WORK ITEM: Excluding any images, copy all of the lines below precisely as written.

Brief descriptive captions:
▽
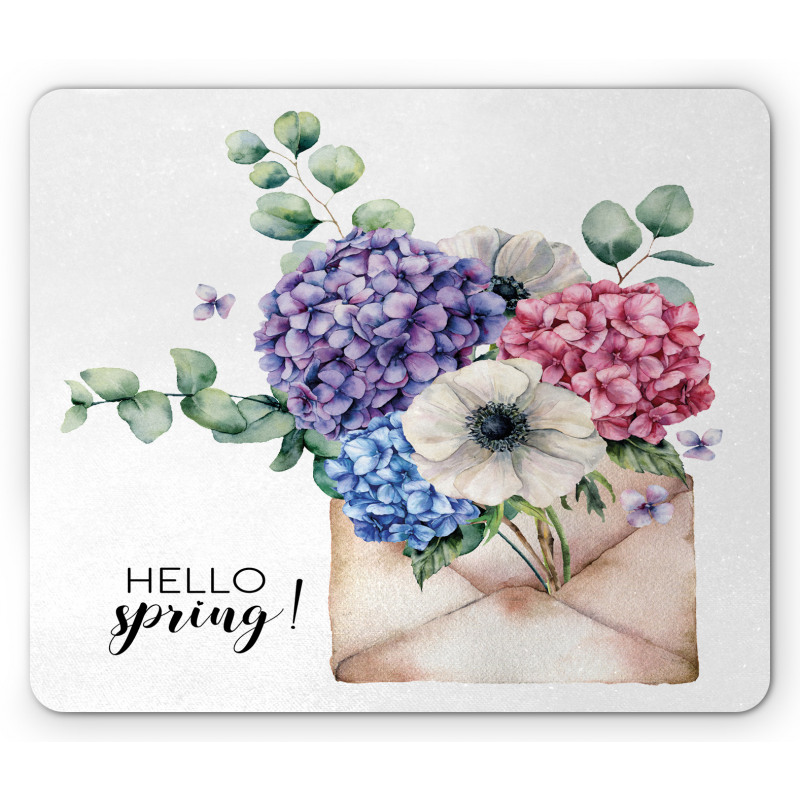 Hello Spring Flowers Art Mouse Pad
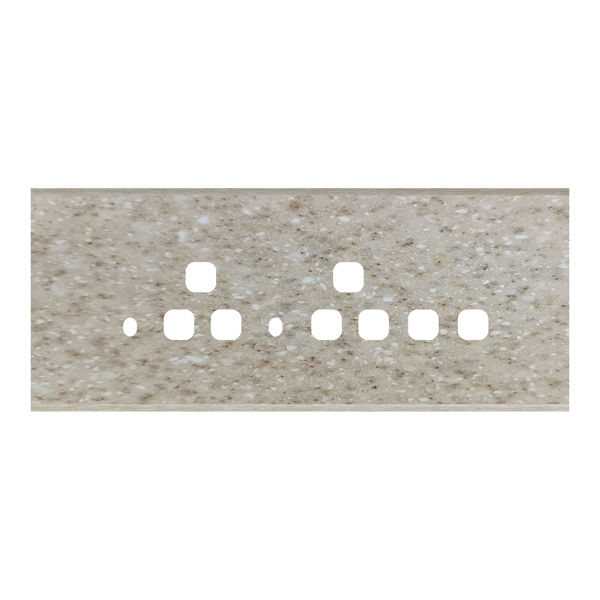 Picture of Norisys TG9 TM178.11 8M Size Plate With 2 Holes + 2 Socket Window + 2 Windows Terra Beige Solid Marble Cover Plates With Frames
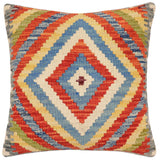 handmade Traditional Pillow Rust Blue Hand-Woven SQUARE 100% WOOL Hand woven turkish pillow2' x 2'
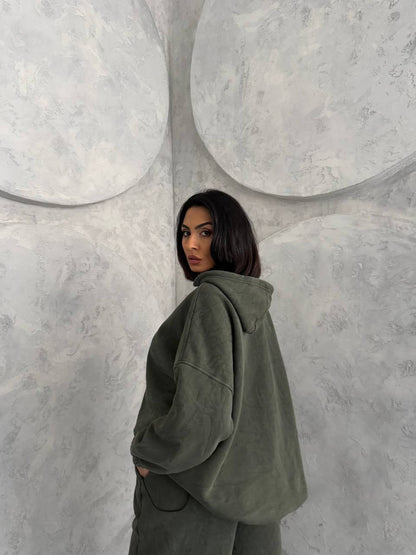 Damen Hoodie Jogginghose Set Weite Bequem Grau
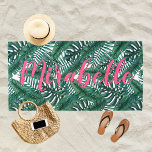 Tropical Watercolor Palm Leaves Custom Pink Name Beach Towel<br><div class="desc">Stylish personalized tropical beach towel design features your first name in girly and modern bright pink script writing with a trendy background pattern of rich jungle green palm and monstera leaves with a watercolor painted look. The fresh white background color can be modified via Personalize / Customize Further. Perfect for...</div>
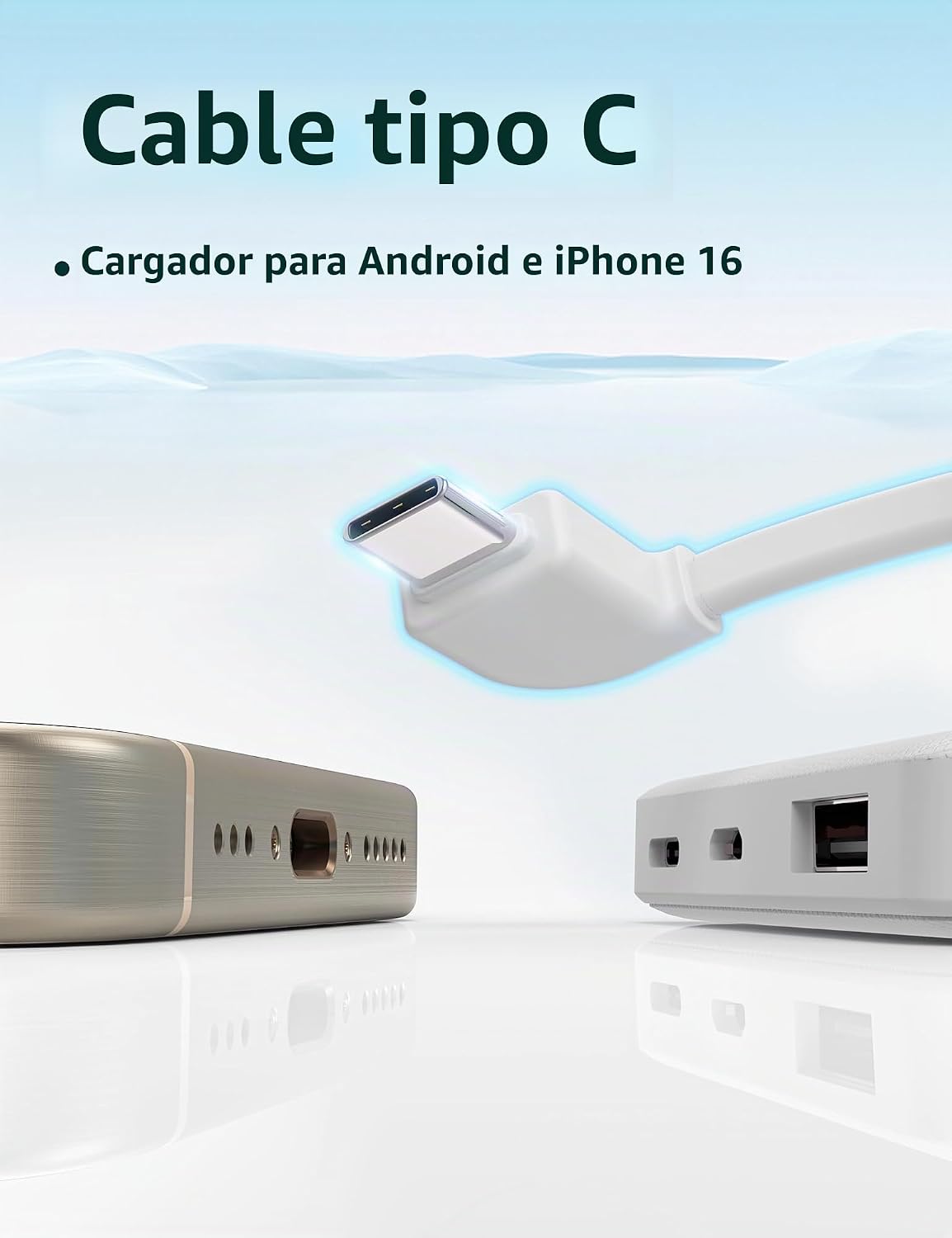 miisso - Batería externa de 6000 mAh ultradelgada con cables incorp...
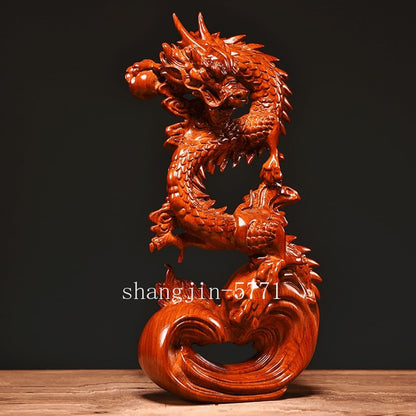 Feng Shui Dragon Statue Chinese Wood Figurine for Wealth & Luck Home Decor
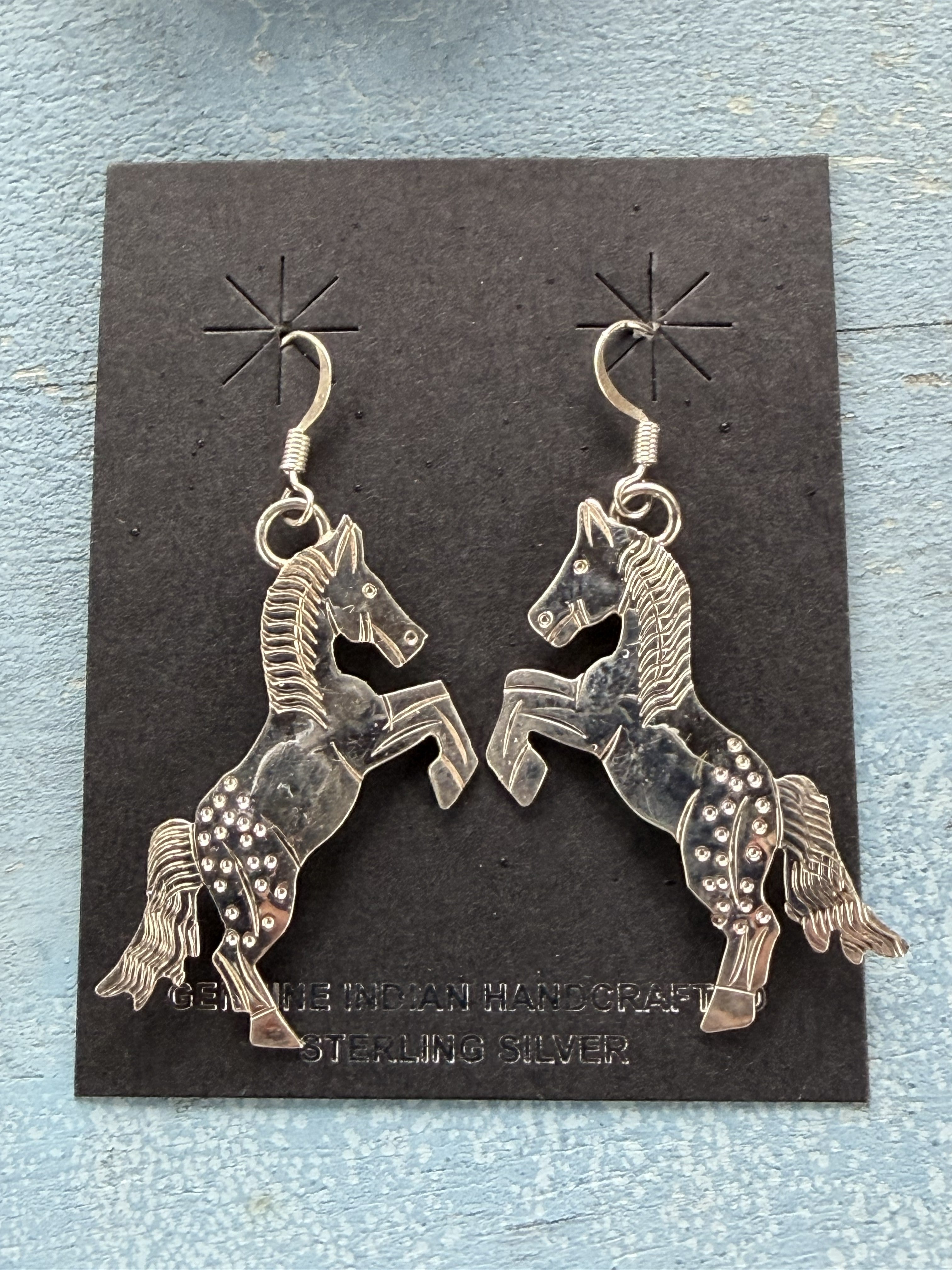 *Native American Made* Navajo L. Yazzie:  Silver Horse Sterling Silver Dangle Earrings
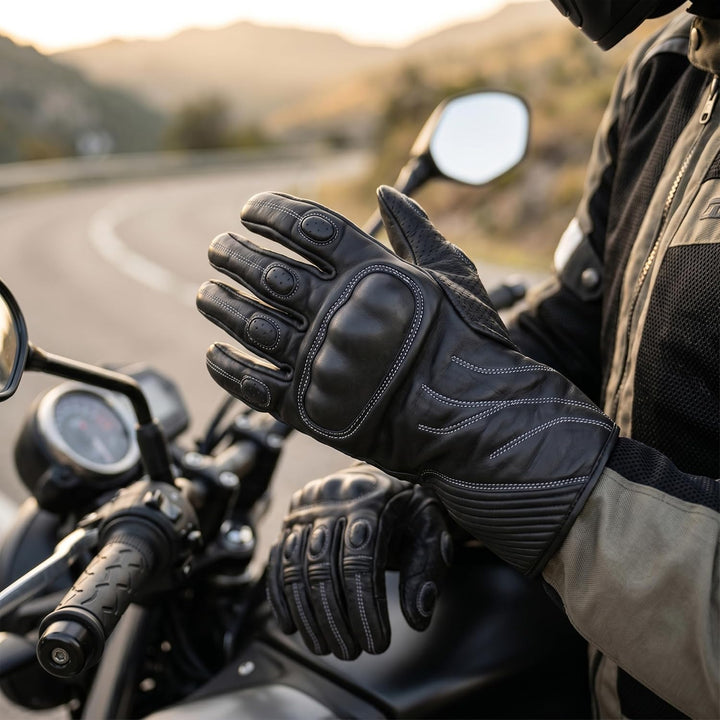 German Wear Motorradhandschuhe Motorrad Biker Lederhandschuhe Schwarz 11=xxl, 11=xxl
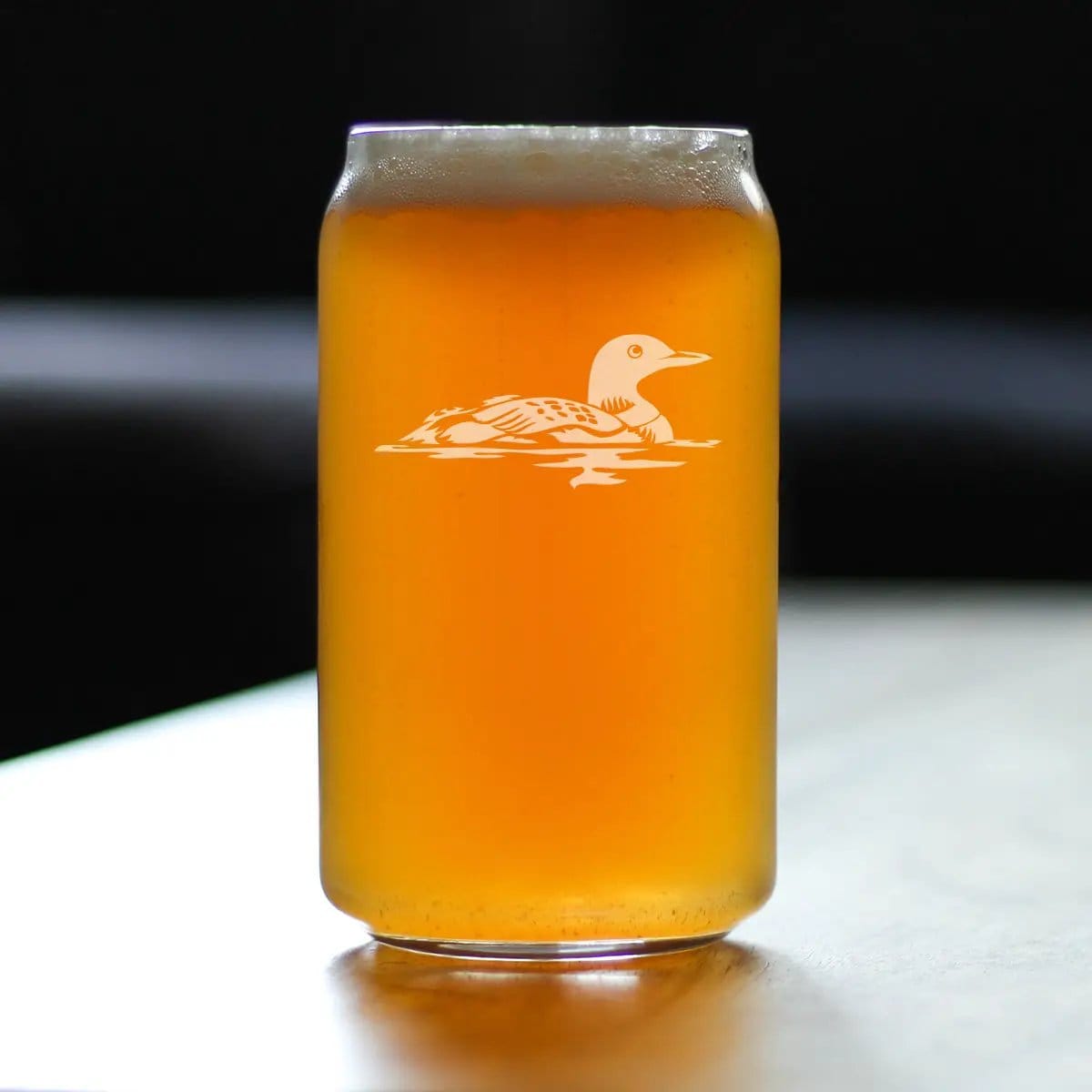 Etched Beer Can Pint Glass | 16 oz | Dishwasher Safe | Loon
△
ANSWER TO THIS EXERCISE:
 Hello Spring Flowers Art Mouse Pad
 Picture of Norisys TG9 TM178.11 8M Size Plate With 2 Holes + 2 Socket Window + 2 Windows Terra Beige Solid Marble Cover Plates With Frames
 handmade Traditional Pillow Rust Blue Hand-Woven SQUARE 100% WOOL Hand woven turkish pillow2' x 2'
 Damen Hoodie Jogginghose Set Weite Bequem Grau
 Tropical Watercolor Palm Leaves Custom Pink Name Beach Towel<br><div class="desc">Stylish personalized tropical beach towel design features your first name in girly and modern bright pink script writing with a trendy background pattern of rich jungle green palm and monstera leaves with a watercolor painted look. The fresh white background color can be modified via Personalize / Customize Further. Perfect for...</div>
 miisso - Batería externa de 6000 mAh ultradelgada con cables incorp...
 Feng Shui Dragon Statue Chinese Wood Figurine for Wealth & Luck Home Decor
 *Native American Made* Navajo L. Yazzie:  Silver Horse Sterling Silver Dangle Earrings
 German Wear Motorradhandschuhe Motorrad Biker Lederhandschuhe Schwarz 11=xxl, 11=xxl
 Etched Beer Can Pint Glass | 16 oz | Dishwasher Safe | Loon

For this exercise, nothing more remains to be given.